Telephone companies and other regulated utilities have to share conduit and pole access. They can charge each other a particular rate for it or, if usable space is lacking, require upgrades. But they can’t refuse access completely and it has to be granted on a non-discriminatory basis.

It is notoriously difficult to get access to AT&T conduit. Now, a complaint (technically, a request for arbitration) filed with the California Public Utilities Commission by Webpass, a competitive broadband provider, documents exactly how hard it is. Links to the full set of documents are below.

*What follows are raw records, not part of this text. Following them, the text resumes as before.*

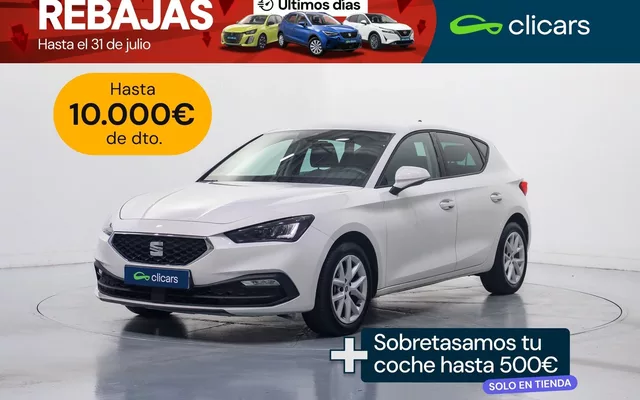 SEAT León León 1.0 eTSI S&S Style DSG-7 110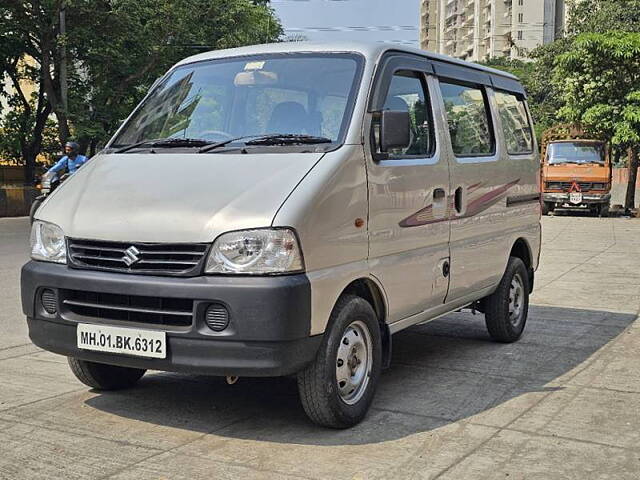 Second Hand Maruti Suzuki Eeco [2010-2022] 5 STR WITH A/C+HTR CNG [2017-2019] in Mumbai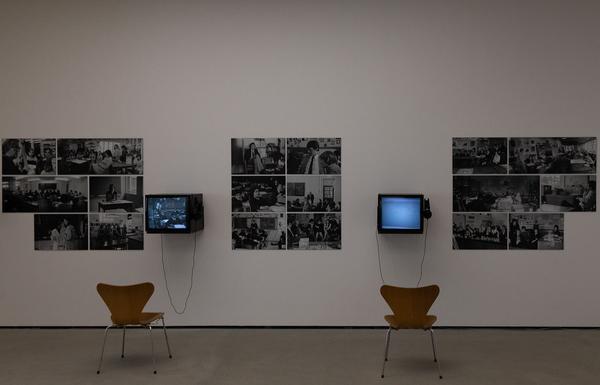 Museum der Moderne Salzburg: Camera Austria International. Labor für Fotografie und Theorie (24.11.2018 – 3.3.2019) https://esel.cc/mdm_CameraAustria | Foto: eSeL Foto: eSeL.at - Lorenz Seidler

Webpass tried to get permission to run fiber optic cables through AT&T’s conduits and put splice cases and loops of coiled, slack cable in AT&T’s manholes. According to Webpass’ filing, AT&T just said no

AT&T California rejected Webpass’ plans to install splice cases and coil loops. In addition, while the drawings show that many ducts are only partially-filled, AT&T California has stated to Webpass that a fiber optic cable override (i.e., installation of fiber optic cable in available space that is already partially occupied by an existing AT&T California cable) is never allowed except in entrance facilities owned by other parties or unless AT&T California’s cable is enclosed in an innerduct, which is rarely the case. This means that even though there may be ample space in multiple partially-used conduits, in most cases AT&T California refuses to allow Webpass to install fiber in those conduits. And, in cases where Webpass is allowed to override an existing AT&T Califomia innerduct containing a fiber optic cable, AT&T California requires Webpass to install two additional innerducts, one for Webpass’ use and one to be reserved for AT&T Califomia’s use.

What is more, AT&T always denies access to the last open conduit in any location, because AT&T California claims a right to reserve that conduit for AT&T Califomia’s exclusive future use. Such conduit might be for entrance to a new building to which AT&T California just installed service (for which a spare conduit would likely remain unneeded for many years) or it could be an open conduit between two manholes in the street. In either event, if it is the last open conduit, AT&T Califomia has been very clear that access will be denied 100% of the time.

AT&T California’s policies are blatantly discriminatory and anticompetitive. AT&T California installs its own splice cases in manholes, and Webpass is informed that AT&T California has permitted other communications providers to do so as well. Exhibit C is a photograph of splice cases in an AT&T California manhole. Webpass is also informed that AT&T California freely overrides its own cables and innerducts (as well as cables and innerducts owned by other companies) in partially vacant conduit, including where the existing cable in the conduit consists of copper pairs. Additionally AT&T Califomia does not go through the same roping and tagging process to reserye space that competitive providers are compelled to follow’ AT&T California just sends out crews to install cable in any available open space and documents the build upon completion.

AT&T’s initial response was to have the complaint dismissed as improper on technical grounds. The first hearing was scheduled for last Friday and by all appearances seems to have taken place, although I haven’t confirmed it. If the CPUC jumps into this dispute with both feet, it will be an important precedent for competitive broadband providers, no matter what it decides.